Calculating The Social Cost of Horse Manure

Imagine the following: It is the year 1700 and growth in the American colonies is threatening an economic and environmental catastrophe. Human and equine populations are expanding rapidly in tandem. The horse is integral to the economic engine that drives all economic output. But there is an unaccounted cost: manure. The horses are fed fuel (hay), do work, and out comes waste (manure). Harvard scientists have extrapolated that based on current trends there will be so many horses that manure will cover the colonies to a depth of three feet by the year 2000! Something must be done! There is clearly an unaccounted cost to all this manure lying about. The only solution to stem the tide: a manure tax.

Hopefully this seems a bit silly – it was meant to be. However our betters (those in government) are in engaging in similar sophistry. They make pie in the sky predictions cloaked in an aura of mathematical certainty concerning the “social costs of carbon” up through the year 2300. To wit: to little media fanfare the White House Working Group recently released an update to its estimates of the Social Cost of Carbon. Why is this notable?  The revised figures were up to two times larger than the previous “estimates” made by the same office only 3 years ago. Is the problem of climate changing getting worse? Hardly. The White House has merely “updated” its numbers in a climate cost-analysis model that has enough variables in it to send an algebra student screaming into the night.

These “equations” are nothing so scientifically resolute as E=mc2. No, rather they are a mathematical house of cards that can be manipulated to yield any desired value.

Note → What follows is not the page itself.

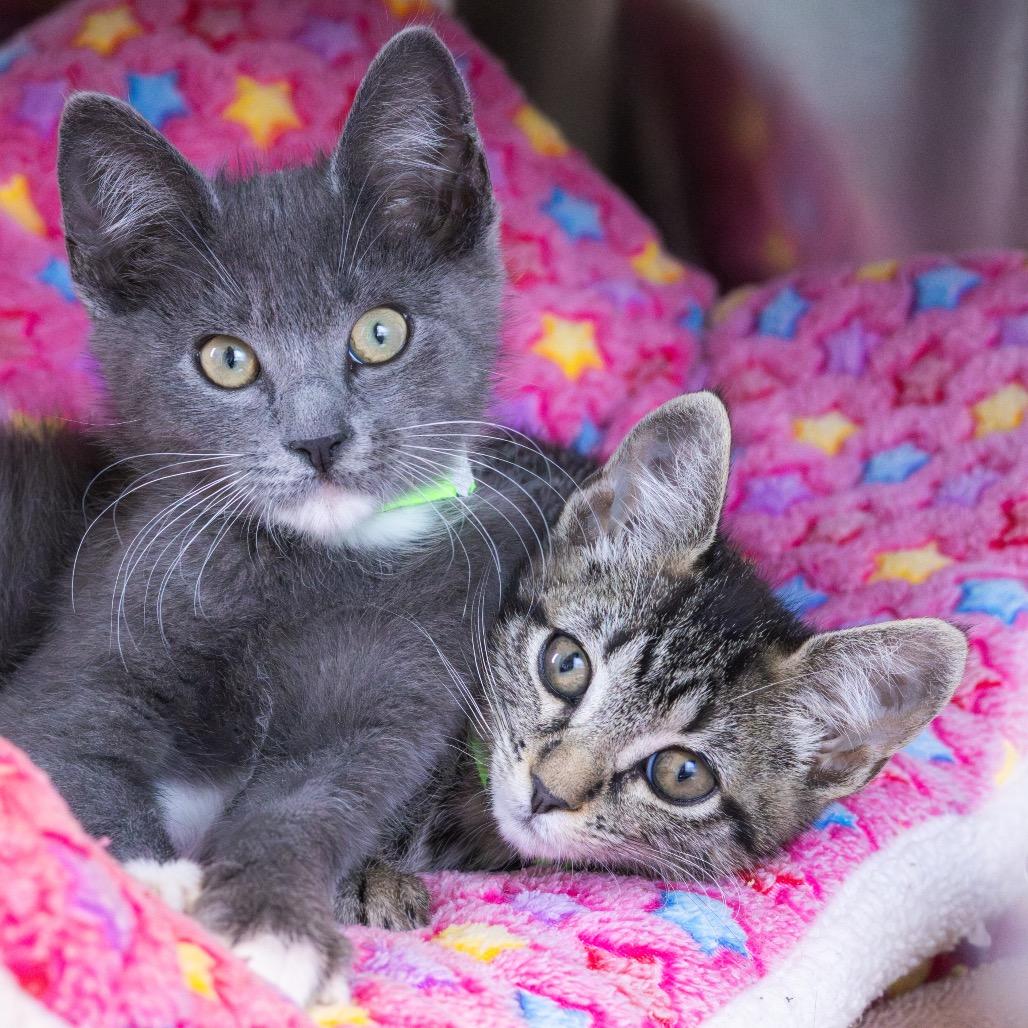 Enlarge Savanna (bonded with Jericho), a Adoptable Domestic Short Hair in Newark, DE image 1/6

For example, one of the key variables is something known as the “discount rate”, that is, the interest rate one would need to invest a dollar today in order to earn some amount in the future. So, if we invest $1 today that grows to $40 in one hundred years and we assume by then there will be $40 in economic losses due to one pound of carbon, then we say the cost of one pound of carbon today is $1. This is the “social cost of carbon”. The goal then is to spend $1 today to clean up one pound of carbon, thus averting $40 in damage in one hundred years. We would not spend $2 to clean it up because it would be more profitable to earn $80 and incur the $40 cost. If the social cost of carbon is low, then it is difficult to justify expensive remediation efforts, whereas if it is high then imposition of costs on the populace is that much easier to rationalize.

All we can do is pile assumptions on top of estimates of cherry picked data.

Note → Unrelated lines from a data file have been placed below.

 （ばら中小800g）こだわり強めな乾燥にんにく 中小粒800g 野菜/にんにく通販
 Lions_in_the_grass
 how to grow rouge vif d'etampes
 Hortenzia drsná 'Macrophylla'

Of course the rub is how does one actually figure out the cost of environmental “damage” in 100, 200 or 300 years? All we can do is pile assumptions on top of estimates of cherry picked data. For example, loss of tourism dollars at ski slopes is counted as a cost, however the shifting of those dollars to newly more temperate regions is not counted as an offsetting benefit.

Even if we assume the science is ironclad and the calculations of the costs are solid, there is still the problem of the discount rate. It is the logarithmic volume control on the stereo of climate economics. Small changes have dramatic effects. For example, a discount rate of 2.5% yields a cost of $98/ton but 5% yields only $27/ton. Curiously the WHWG ignored the government’s own Office of Management and Budget (OMB) directive to also include a value of 7% in the analysis. It is estimated that at a 7% discount rate the Social Costs of Carbon would likely have been nearly $0 or even negative (meaning that CO2 actually confers a net benefit, not cost). It is also telling that the White House Working Group also ignored the OMB directive to only integrate domestic costs into their models, not global costs, an apparent “oversight” which further tends to push the Social Costs of Carbon estimates upward. This is what is known as “stacking the deck” in your favor.

So, back to our horse manure tale. What would the outcome have been had such a tax been implemented 300 years ago? Money would have drained from the economy, thereby lowering people’s standard of living while simultaneously retarding capital growth. This lack of capital would have had a deleterious effect on future generations’ economic output. Just as people in the year 1700 never could have conceived of the technological marvels that would make their hypothetical fear moot, so should we not be so conceited as to believe future humans will not make similar discoveries that will render our fears of climate catastrophe about as realistic as drowning in a sea of manure.